Description of the task: Data follows below. Repeat exactly the lines between the line holding "Bild auf Leinwand" and the line holding "Case study highlight: 650,000", inclusive, and nothing more; drop pictures.

#### Data for the task ####

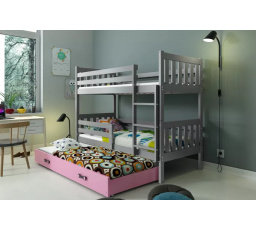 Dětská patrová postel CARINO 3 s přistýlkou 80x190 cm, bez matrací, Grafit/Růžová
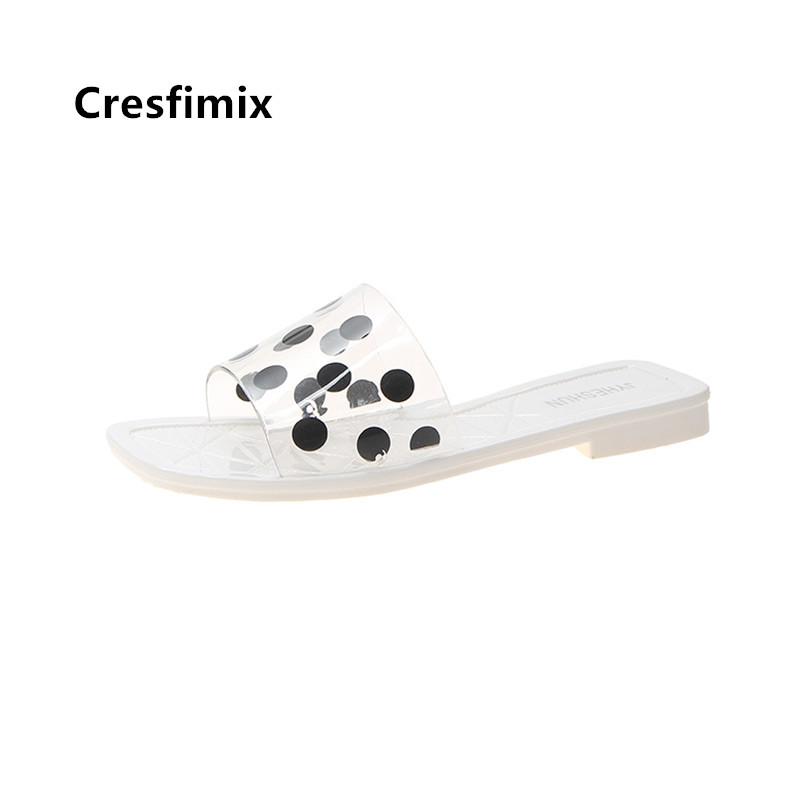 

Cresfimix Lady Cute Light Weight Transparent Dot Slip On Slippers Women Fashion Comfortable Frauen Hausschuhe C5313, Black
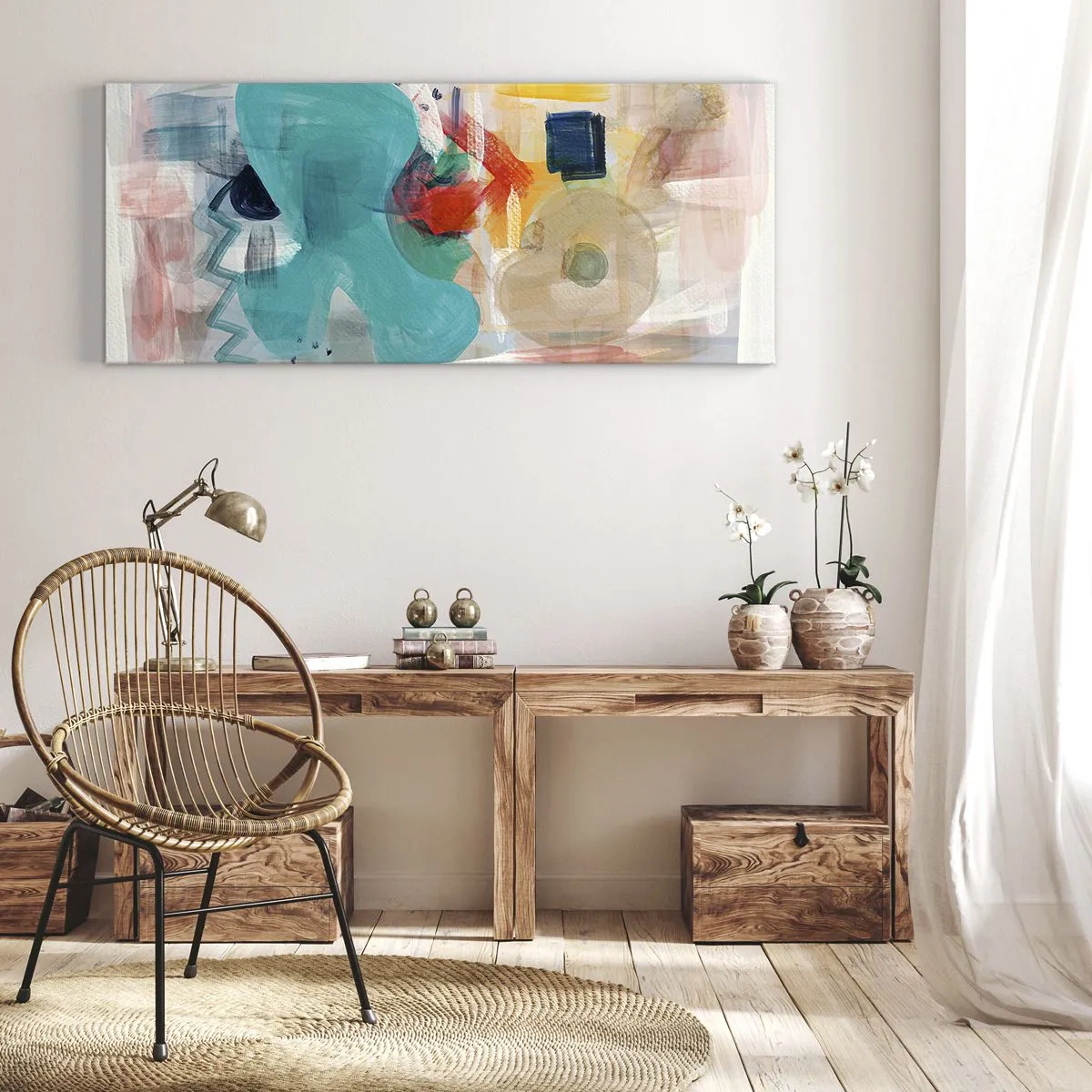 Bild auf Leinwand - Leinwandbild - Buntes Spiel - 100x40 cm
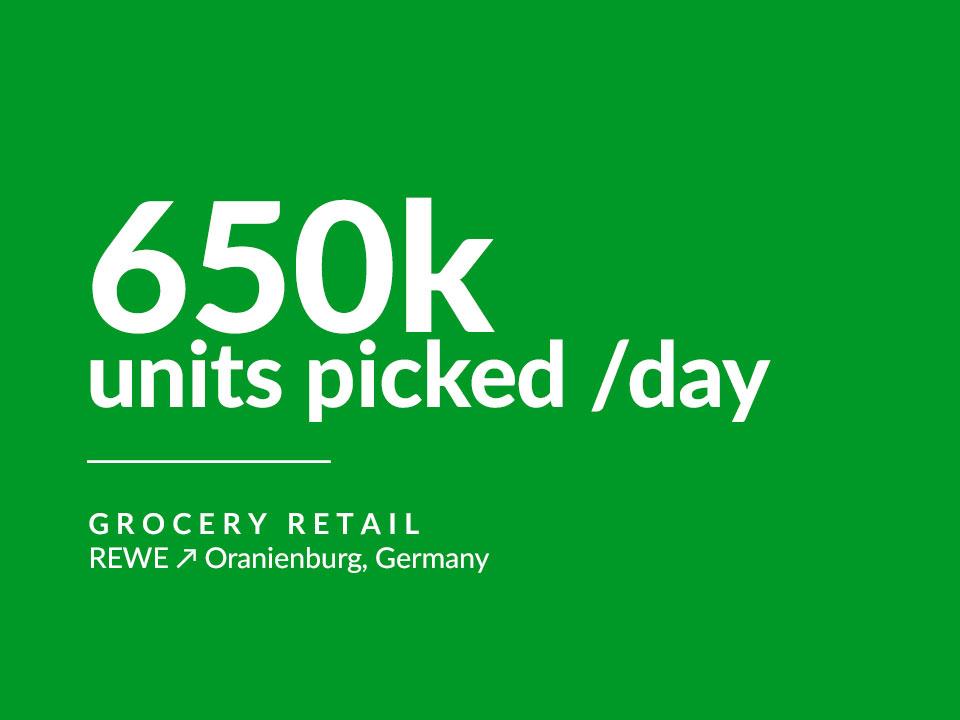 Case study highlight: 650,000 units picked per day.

####
#### Data for the task ####

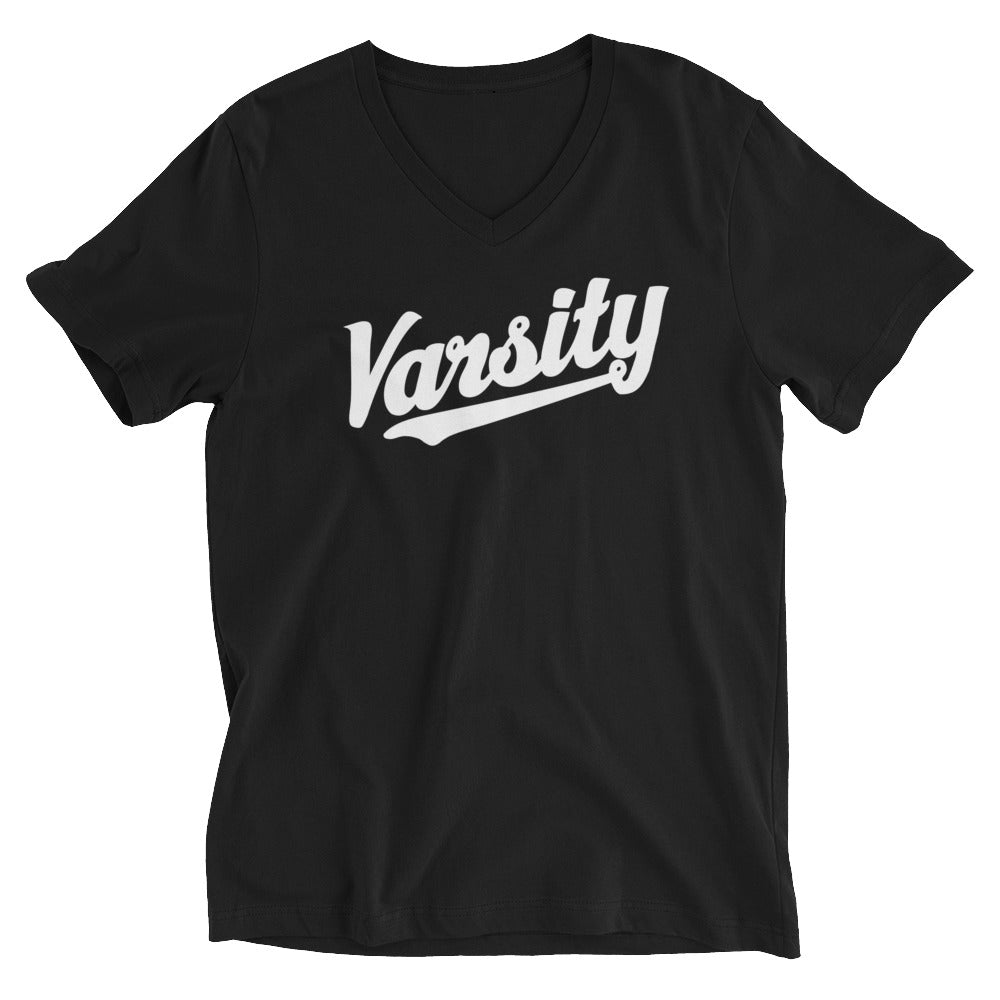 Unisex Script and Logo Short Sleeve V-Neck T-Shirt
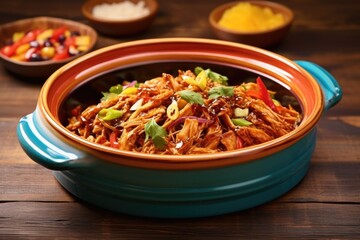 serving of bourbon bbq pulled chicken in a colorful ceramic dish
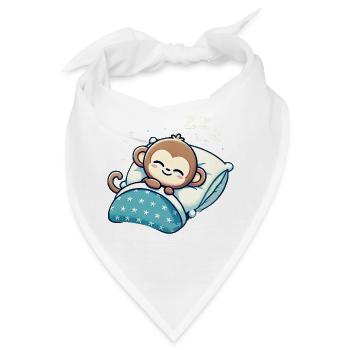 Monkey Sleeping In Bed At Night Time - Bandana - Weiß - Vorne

####
#### Data for the task ####

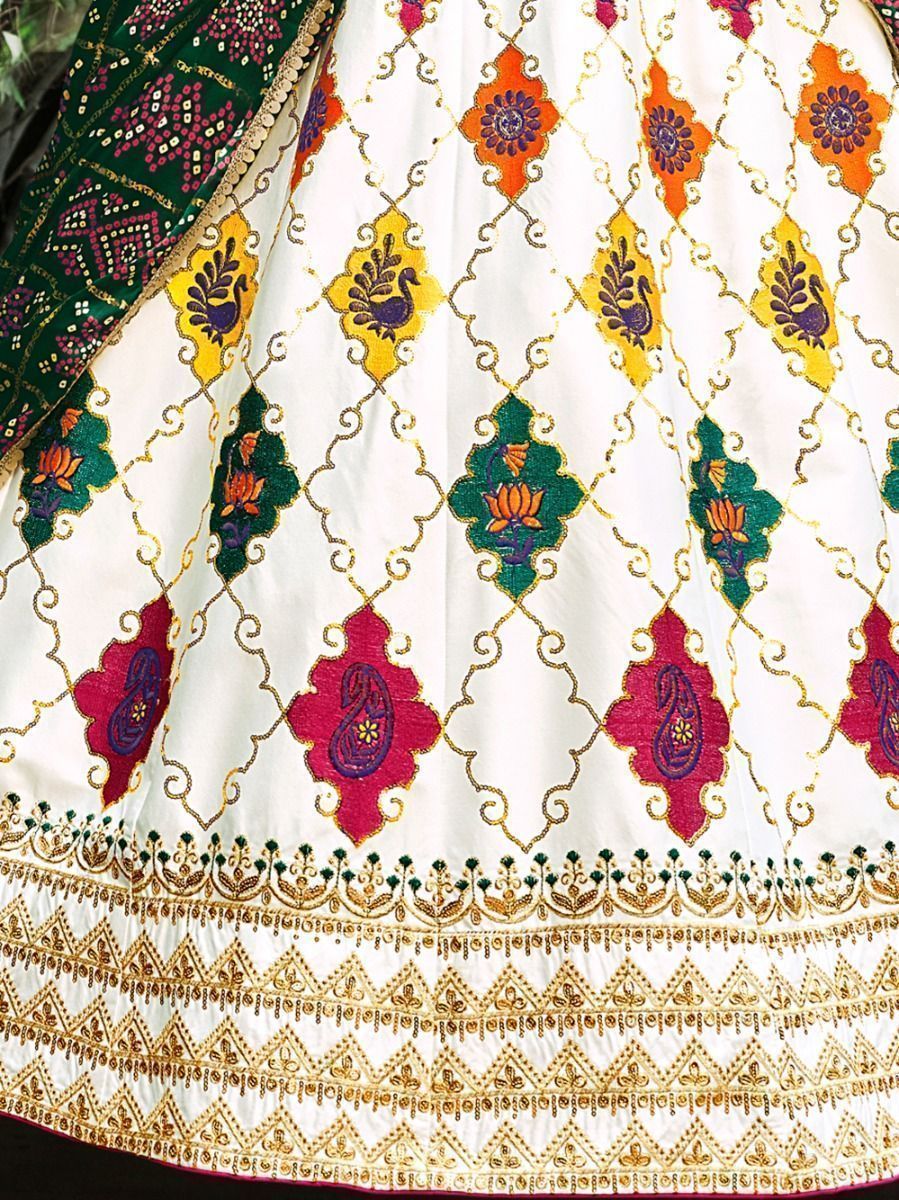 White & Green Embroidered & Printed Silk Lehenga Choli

####

Result for this task:
 Bild auf Leinwand - Leinwandbild - Buntes Spiel - 100x40 cm
 Case study highlight: 650,000 units picked per day.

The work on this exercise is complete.